5. Henlund did not herself use any of the “post name” terms (e.g., Ganado, Crystal, Two Grey Hills, etc.) that are used in some of the literature and widely in the market. When I asked her directly about that ,she said that unless a piece was documented at purchase as coming from a given post, they still do not know enough to tell from the piece itself the post from which it might have been marketed. And, of course, such names are more closely associated with the later "Rug Period," beginning in 1895, when as the period classification legend above indicates, posts began to be more influential in initiating requests for rugs and in influencing the designs being made.
6. That there was lots of inter-tribal trade among American Indian tribes for long periods before white men came on the scene and that that continued in the 19th century. Plains Indians in particular liked and traded for Chief's Style blankets and the photograph in this exhibition of an Indian woman wearing one is of a Sioux.
Here's one more serape, simply because I like it.

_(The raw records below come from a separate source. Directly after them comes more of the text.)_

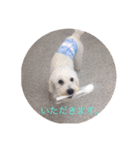 とても可愛いワンコたち（個別スタンプ：6）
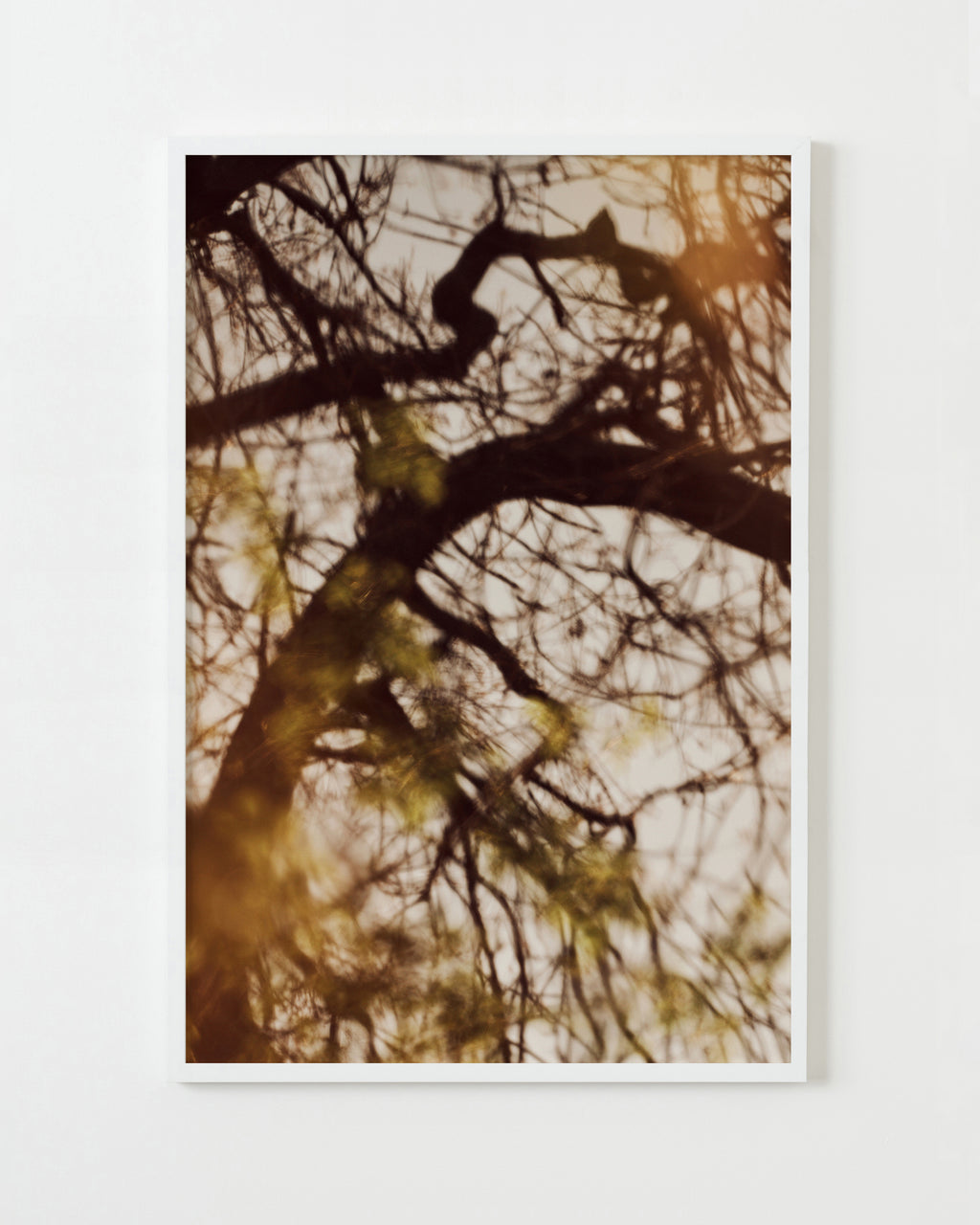 Photography by Jessica Haye & Clark Hsiao titled "Sonoma II" - 1.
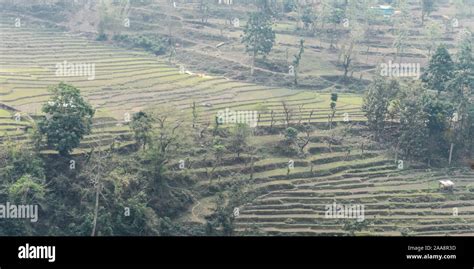 Terrace Cultivation In Plains Of Uttaranchal India Asia Terrace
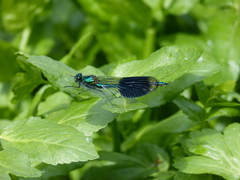 Calopteryx splendens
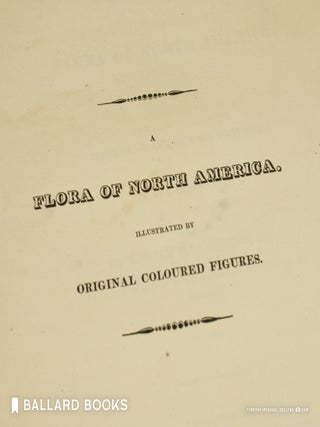 Flora of North America
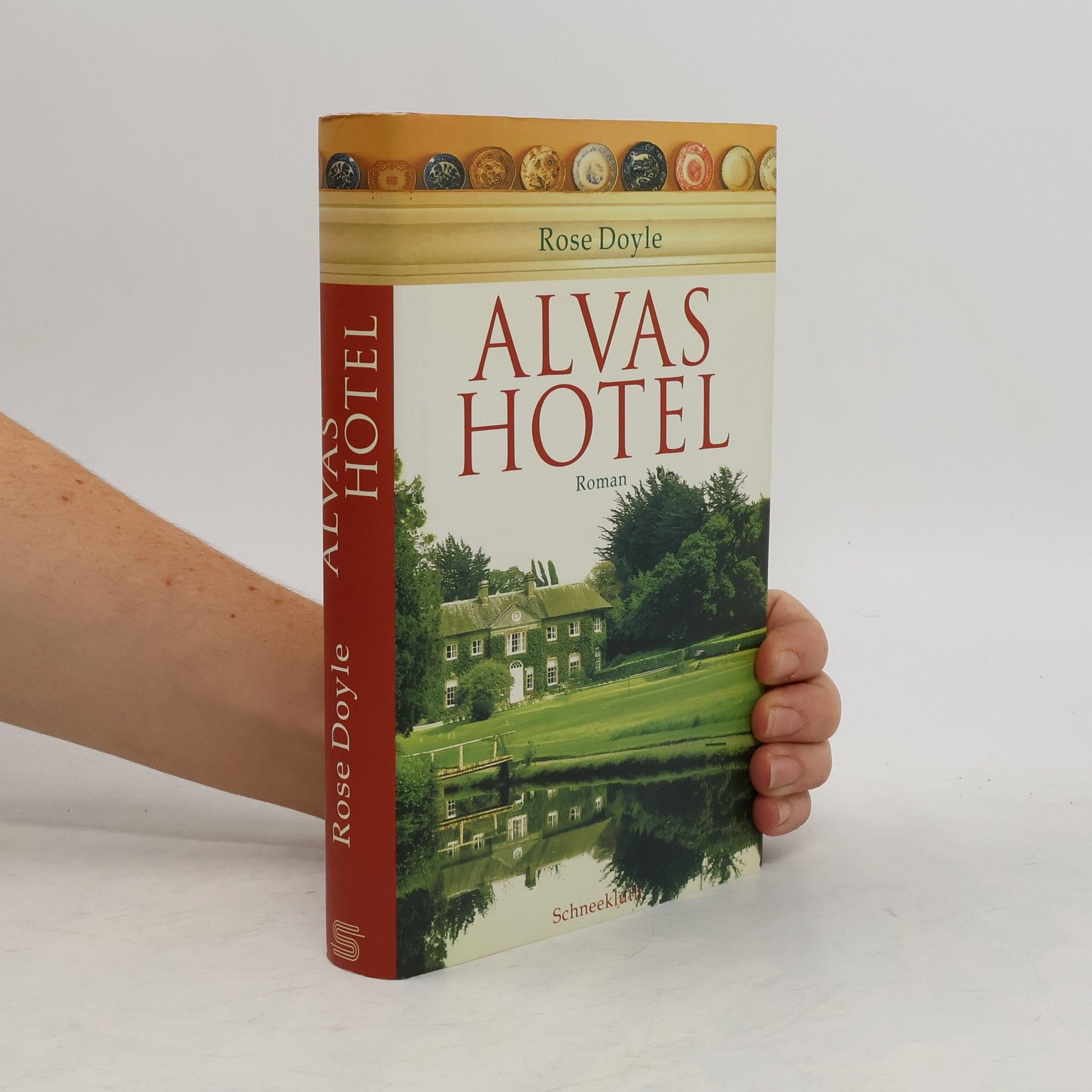 Rose Doyle Alvas Hotel. Roman. Deutsch v. Katarina Ganslandt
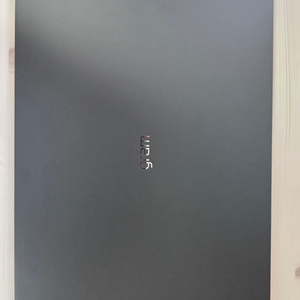 2025 LG그램 프로 인텔7 255h RTX4050
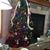 Kelly Fitzgerald Heilman's profile image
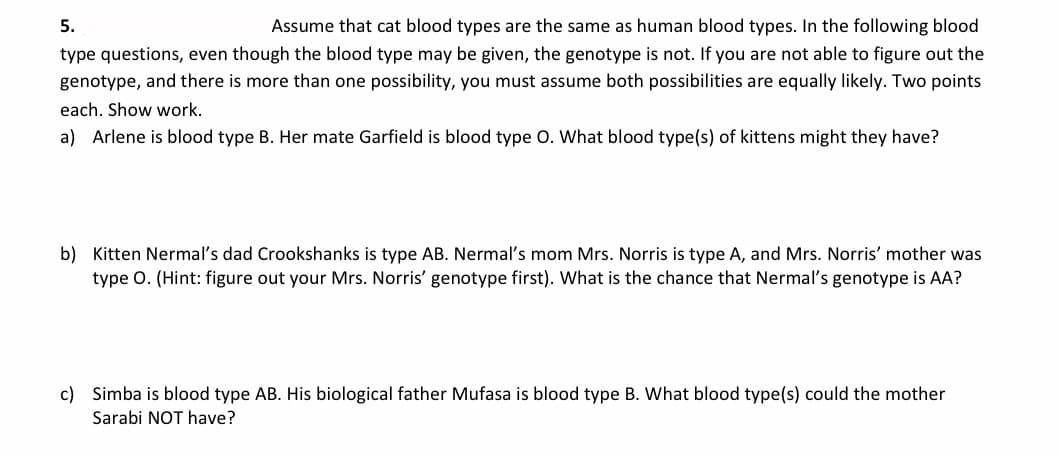 5.
Assume that cat blood types are the same as human blood types. In the following blood
type questions, even though the blood type may be given, the genotype is not. If you are not able to figure out the
genotype, and there is more than one possibility, you must assume both possibilities are equally likely. Two points
each. Show work.
a) Arlene is blood type B. Her mate Garfield is blood type O. What blood type(s) of kittens might they have?
b) Kitten Nermal's dad Crookshanks is type AB. Nermal's mom Mrs. Norris is type A, and Mrs. Norris' mother was
type O. (Hint: figure out your Mrs. Norris' genotype first). What is the chance that Nermal's genotype is AA?
c) Simba is blood type AB. His biological father Mufasa is blood type B. What blood type(s) could the mother
Sarabi NOT have?
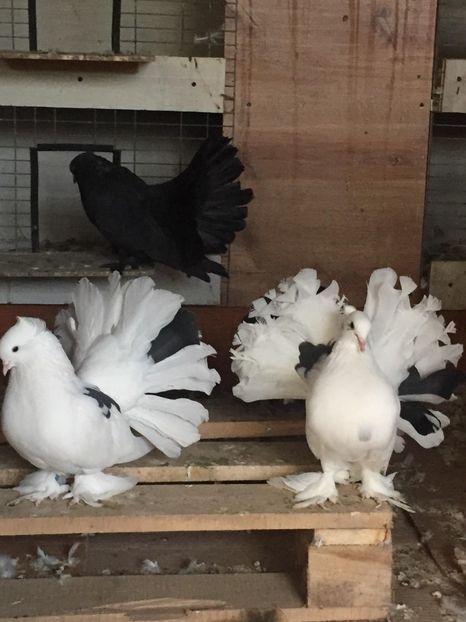 44979660_248297379374575_2252996241250058240_n (1) - ROTATI INDIENI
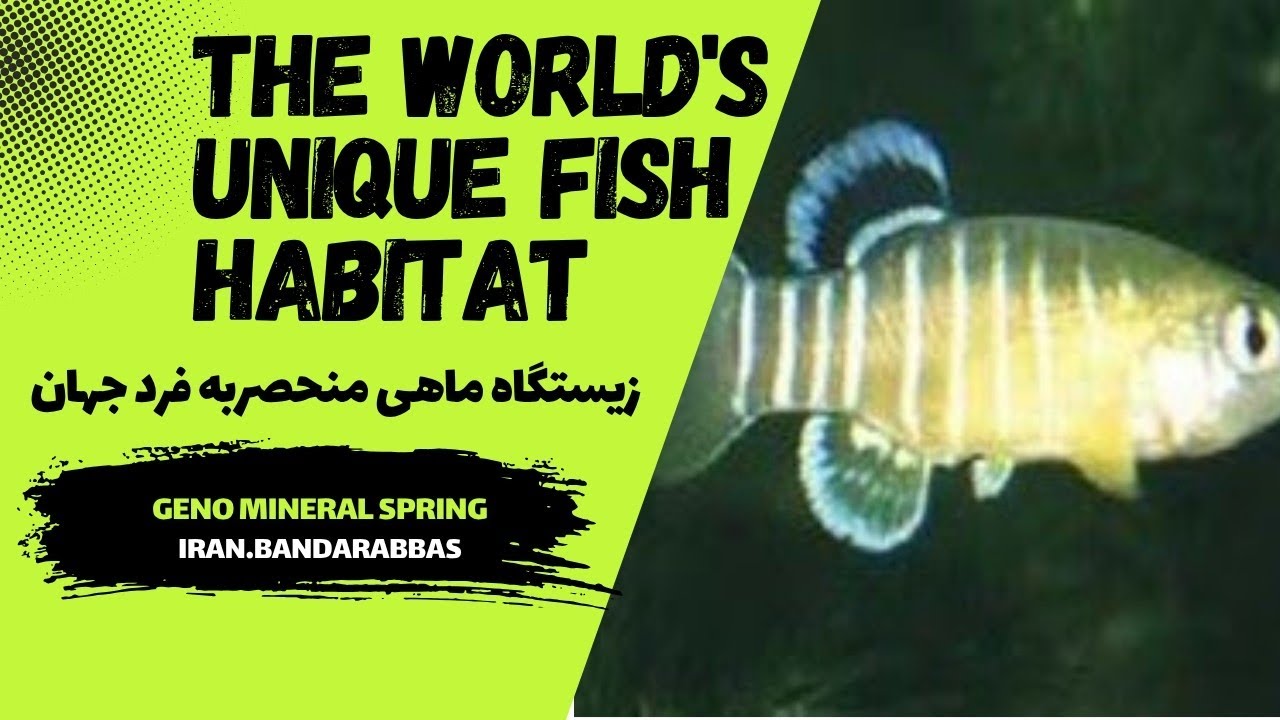 The unique fish habitat in the world Aphanius ginoisزیستگاه ماهی منحصربه فرد جهان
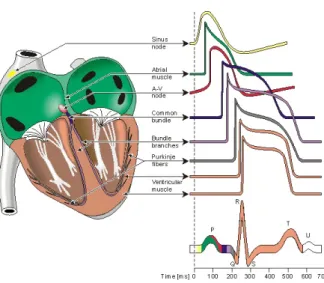 Figure 2.6: The heart conduction system with its main components, their typical potential waveforms and the corresponding points on surface ECG [96].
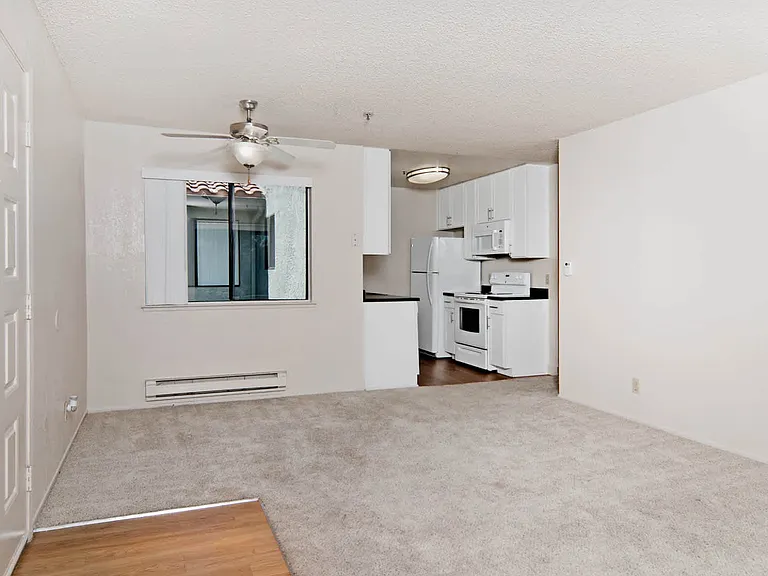 Carpeted Dining Room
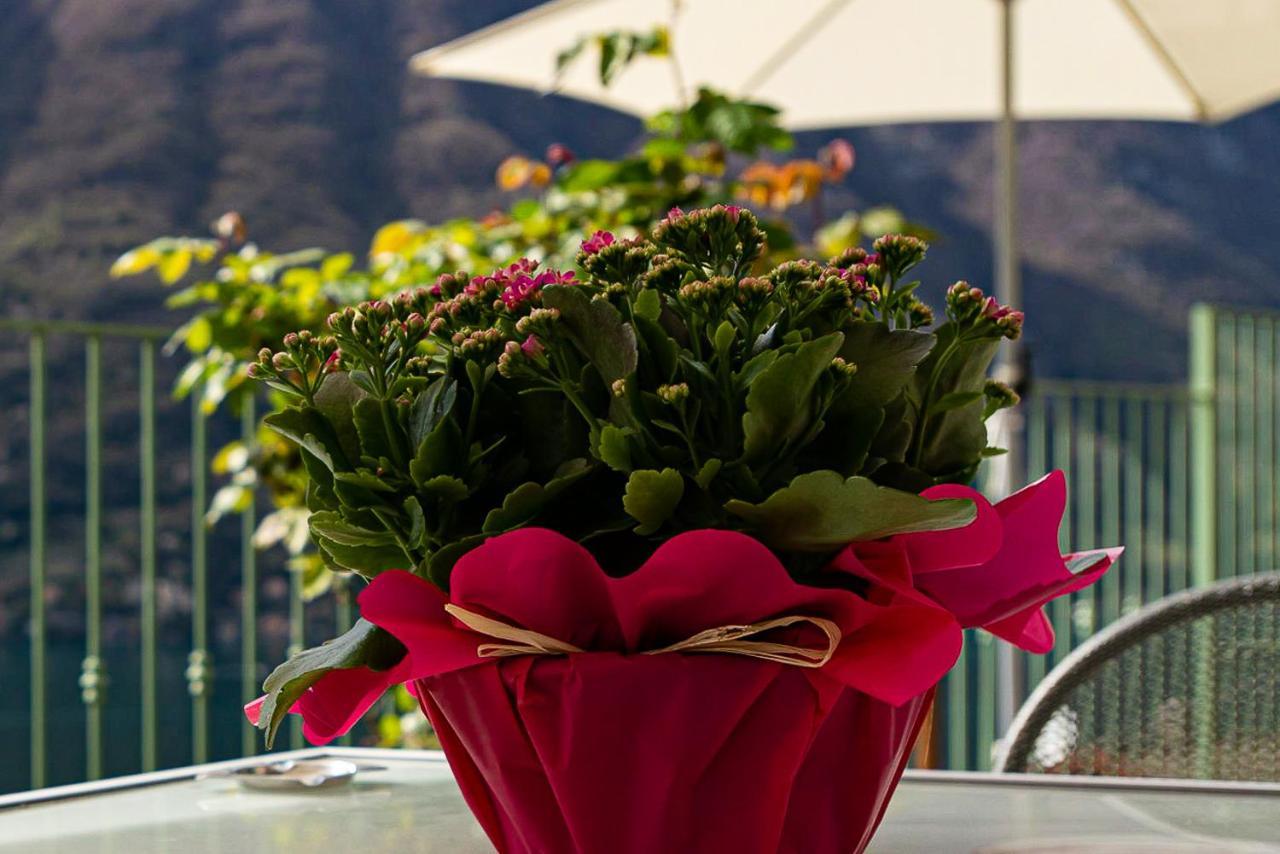 Romantic Home - Lake Como Нессо Экстерьер фото
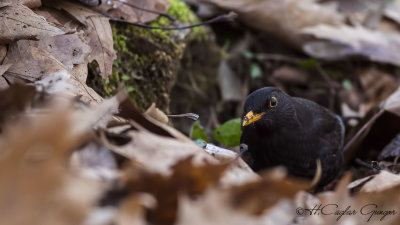 Common Blackbird - Turdus merula - Karatavuk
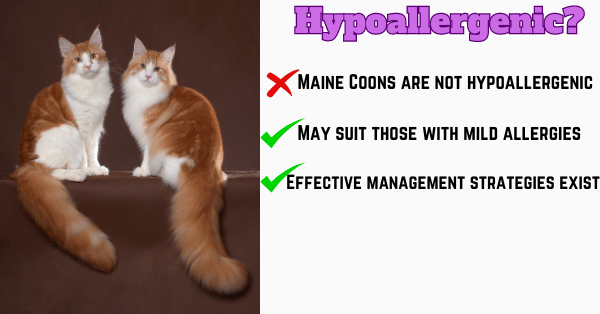 Graphic answering the question: Are Maine Coons hypoallergenic?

An exhibition worth seeing.
R. John Howe
Many thanks for reporting this exhibition. I believe that it's the first time American Indian textiles have appeared on Turkotek. I know rather little about them, and the only exhibition of American Indian weavings that I've seen was the one at the Denver Museum when ACOR met in that city. Some, like most of the pieces you show here, were very beautiful. But there was also a group that I thought compared poorly to the most pedestrian Turkish kilims produced during the last quarter of the twentieth century. Lots of a pale gray and colors that looked synthetic and pretty washed out. My recollection is that the "uninteresting" (to me) group was attributed to the period around World War I, and had specific trading post names attached to them.
I'd be interested to hear from some folks who know enough about these things to be able to expand on your comments and further the development of this dark corner of my brain.
Visiting the Pueblo
You mention that you are unsure of the mechanism of the transfer of rug weaving skills from the Pueblo to the Navajo.
It is said to have happened when the Spanish were vigorously attacking the Navajo for their raids, sending the Navajo into exile among their neighbors, the Pueblo. The Spanish burned their peach tree orchards, killed off their livestock and ruined their crops.
The Navajo, contrarily, say that their weaving skills were taught to them by Spider Woman.
The border systems were introduced by the trading posts showing oriental rugs to the weavers in an effort to increase the saleability of the rugs to "Eastern" travelers coming in on the newfangled railroad.
Interestingly, the use of synthetic colors in Navajo weavings is considerably less anathemic to Navajo collectors than similar colors are to oriental rug collectors.
Hi Steve and Pat -
Yes, you're right about the fact that both serious Navajo collectors and museums treat Navajo weaving with synthetic dyes seriously. And age is important but even more recent rugs can draw big prices.
I remember being in one Denver Navajo rug presentation in which someone in the audience brought a rug forward and asked the speaker how old it was. He said, "Oh about 1955." The owner then said, "What's it worth?" Speaker, "Oh about $14,000."
That's when I decided that Navajo rug dealers live in pretty optimum worlds. Both synthetic dyes and young rugs are OK and can bring high prices.
R. John Howe
Navajo "Post" Style Rugs
Dear folks –
Steve Price asked a question about “post” rugs, above, some of which he remembered as unattractive, and while I don’t pretend to know anything in particular about Navajo weaving, I do have enough Navajo rugs books to take a shot at his question.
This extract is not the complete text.